幻冬舎小木田様より献本御礼。
お盆に読む本として本書以上にふさわしい本はない。
死ぬのが怖い人は、ぜひ本書で知って欲しい。
我々には一人残らず「きさまは常に死んでいる」があてはまるのだということを。
本書「ヒトはどうして死ぬのか」のどうしては、「どのようにして」、howの意味であると同時に、「なぜ」whyの意味でもある。細胞死の研究者である著者は、そのことを通して死がいかに生にとって不可欠であるかを説く。
目次- まえがき 私がなぜ「死」の謎を追うのか
- 第1章 ある病理学者の発見
- 第2章 「死」から見る生物学
- 第3章 「死の科学」との出合い
- 第4章 アポトーシス研究を活かして、難病に挑む
- 第5章 ゲノム創薬最前線
- 第6章 「死の科学」が教えてくれること
そう。我々は常に死んでいる。60兆からなるヒトの細胞社会では、毎日3000億もの細胞が死んでいる。全人類の人口の50倍もの生が、毎日あなたの体から喪われているのだ。それも、単純に古い細胞が新しい細胞に置き換わるというのでですらない。我々の姿形は、文字通り死の造形。イモムシはさなぎの中で死んでチョウとなる。五本指は指が延びるのではなく、指の間の細胞が死ぬ事によって五本指となる。
この個体の生のために不可欠な細胞の自死を、生物学では「アポトーシス」 apoptosis という。これに対して細胞が破壊されて死に至る事故死を「ネクローシス」 necrosis と言うが、実はこのアポトーシス、生命が地球上に誕生してからの最初の20億年間、存在しなかったのだ。
それではなぜ細胞は自ら死ぬようになったのか?
変化を常態とするためだ。
変化には二つの方法がある。それのまま変えるか、新しいものを作って古いものを捨てるか。生物が選んだのは、後者だった。劇的に変化することを我々は「生まれ変わる」と言うが、これは比喩ではなく事実なのである。
遺伝子にとって、新しいものを作ることが性であり、そして古いものを捨てることが死である。
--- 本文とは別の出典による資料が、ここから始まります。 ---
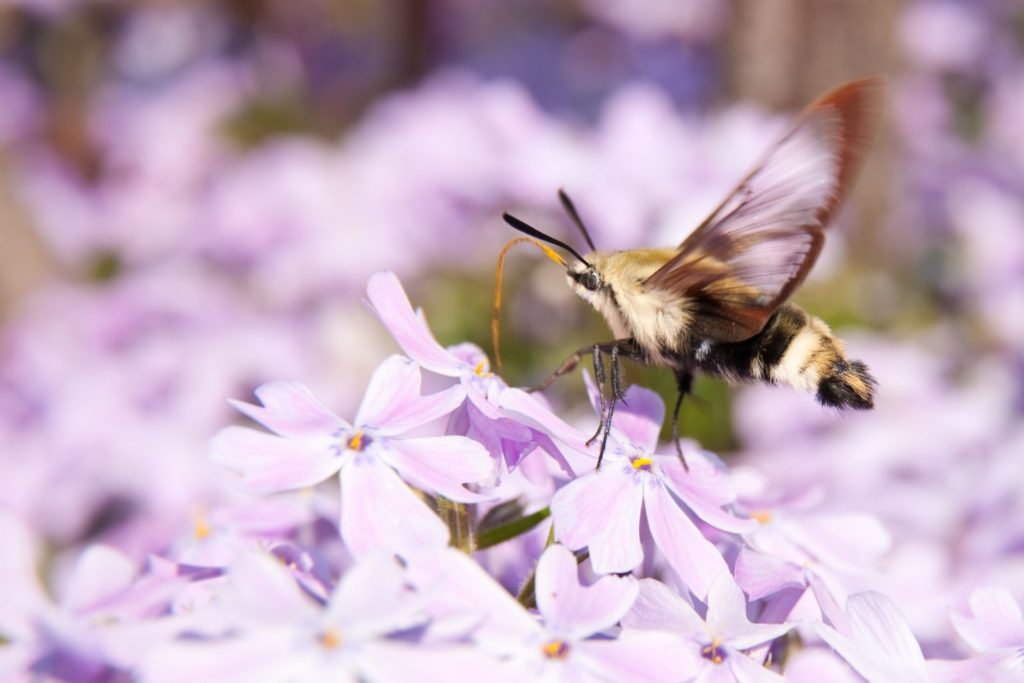 Nachtfalter auf Phlox-Blüten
性がうまれたとき、死もうまれたのである。死は性の双子の妹なのだ。
ここでもし、死なななかったどうなるのか?
それこそが、ガンである。あれは死ぬべきときに死ねなかった死に損ないの細胞なのだ。アポトーシスを忘れた細胞たちは、ついには個体をネクローシスに追い込んでしまう。研究者としての著者の目標の一つは、このガン細胞たちにどうしたらメメント・モリしてもらうか思い出してもらう方法を見つけることでもある。
しかし本書はそこでとどまらない。
howを超えて、whyまで踏み込んでいる。
著者は言う。
死こそが、遺伝子が利他的である証拠なのだと。
このことを理解するのに、生物学者である必要は全くない。
No one wants to die. Even people who want to go to heaven don't want to die to get there. And yet death is the destination we all share. No one has ever escaped it. And that is as it should be. because Death is very likely the single best invention of Life. It's Life's change agent. It clears out the old to make way for the new. Right now the new is you. but someday not too long from now, you will gradually become the old and be cleared away. Sorry to be so dramatic, but it is quite true.
しかしそのからくりを知ることは、上手に死ぬ方法を見つけることにも繋がる。そして上手に死ぬということは、すなわち上手に生きる事なのである。
P. 165「生きるとは何か」「自分とは何か」という問題、言い換えれば「自分が生きていく意味」は、「個として全体のためにどのようにあるべきか」「自分以外の他者のため、次の世代のために何を遺すか」にある--これが、「死の科学」を敷衍して導かれる答えなのだと思います。
もちろん、細胞と個体の生と死の関係をそのまま個人と社会に当てはめるのには無理がある。生まれて数日で死なねばならぬ細胞もあれば、一生を通して死ねない細胞もある。「細胞間の格差」は、とても個体としてのヒトが受け入れられるものではないだろう。個としてのヒトは、細胞ほど全体主義ではないし、そうである必要もないと思う、いや願っている。
しかし「全」の生は、「個」の死によって成り立っていることは、根源的に同じである。
そして、我々の遺伝子は、どうやって死ねばいいかを知っている。
それが当たり前ではなく、有り難いことなのだ。どうして本書を読むべきなのか。これが必要にして十分な理由である。